性別や年齢、国籍など「多様性」を尊重する動きが広まっているが、日本社会ではまだ浸透しているとは言えない。2月には東京オリンピック・パラリンピック組織委員会元会長・森喜朗氏による”女性蔑視発言”が問題視されたが、性別に関する固定観念は職場や日常生活の場でもよく見かける。(文:コティマム)
都内の30代女性は販売業の正社員で年収500万円。職場では性差別があると感じている。というのも、女性が店長業務を全て請け負っているにもかかわらず、対外的な店長はずっと男性社員なのだ。
「君が男性ならもっと本腰入れて指導するのに」男性上司の言葉
「取引先のお偉い方々から『責任者は男じゃないの?女性じゃあね』と言われ、店長はずっと男性だった。でも実際の業務を私が行っているのを他の従業員や上司は知っているため、休日問わず業務連絡が入ってくる。それでも給与は役職手当がつくので店長の方が月8万円も高い」
職場の「責任者は男性が当たり前」という固定観念から、店長になれない女性。「女じゃなければ年収100万円以上高いのかと思うと、怒りしかない」と納得できないでいる。
香川県の30代女性(建築・土木技術職/正社員/年収300万円)も、職場での役職に関する性差にもどかしさを感じている。
「今の会社に勤務して14年。中途採用で一般職採用。しかし業務内容はとても専門的なもの。私はその専門的な業務をやりたくて、採用試験を受け採用されました」
女性は専門的な仕事をしているが「総合職」ではなく「一般職」採用。入社当時は「どんな場合も女性は一般職」という”暗黙のルール”があったという。
「1年後、同じ業務内容ながら総合職採用で男性社員が入社。彼は今係長まで昇進しました。もうすぐ部長です。年収も昇給スピードも全く違いますが、業務内容は同じ」
女性は14年の間に総合職への職種転換を求めたが、人事からは取り合ってもらえなかった。
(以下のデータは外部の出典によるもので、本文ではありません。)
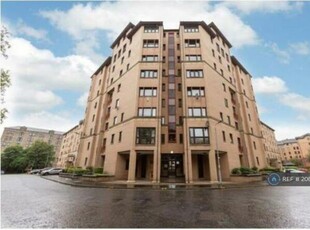 2 Bedroom Flat For Rent In Glasgow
「14年間で使えない男性が何人も私より昇進し、異動していきました。男尊女卑が抜けない男性上司から『君が男性ならもっと本腰を入れて指導するんだが……』『分からないことがあれば、笑って誤魔化しておけばいい』『君はそこまで覚える必要も知る必要もない』等々、笑いながら言われたことは一度や二度ではありません」
「男性だから」という理由でどの現場でも力仕事を割り当てられる
キャリコネニュースには「肉体的な固定観念」に悩む男性からの声も寄せられている。千葉県の30代男性(福祉・介護/パート/年収150万円)は、過去に日雇いの派遣社員で工場勤務をしていた時の体験談を明かしてくれた。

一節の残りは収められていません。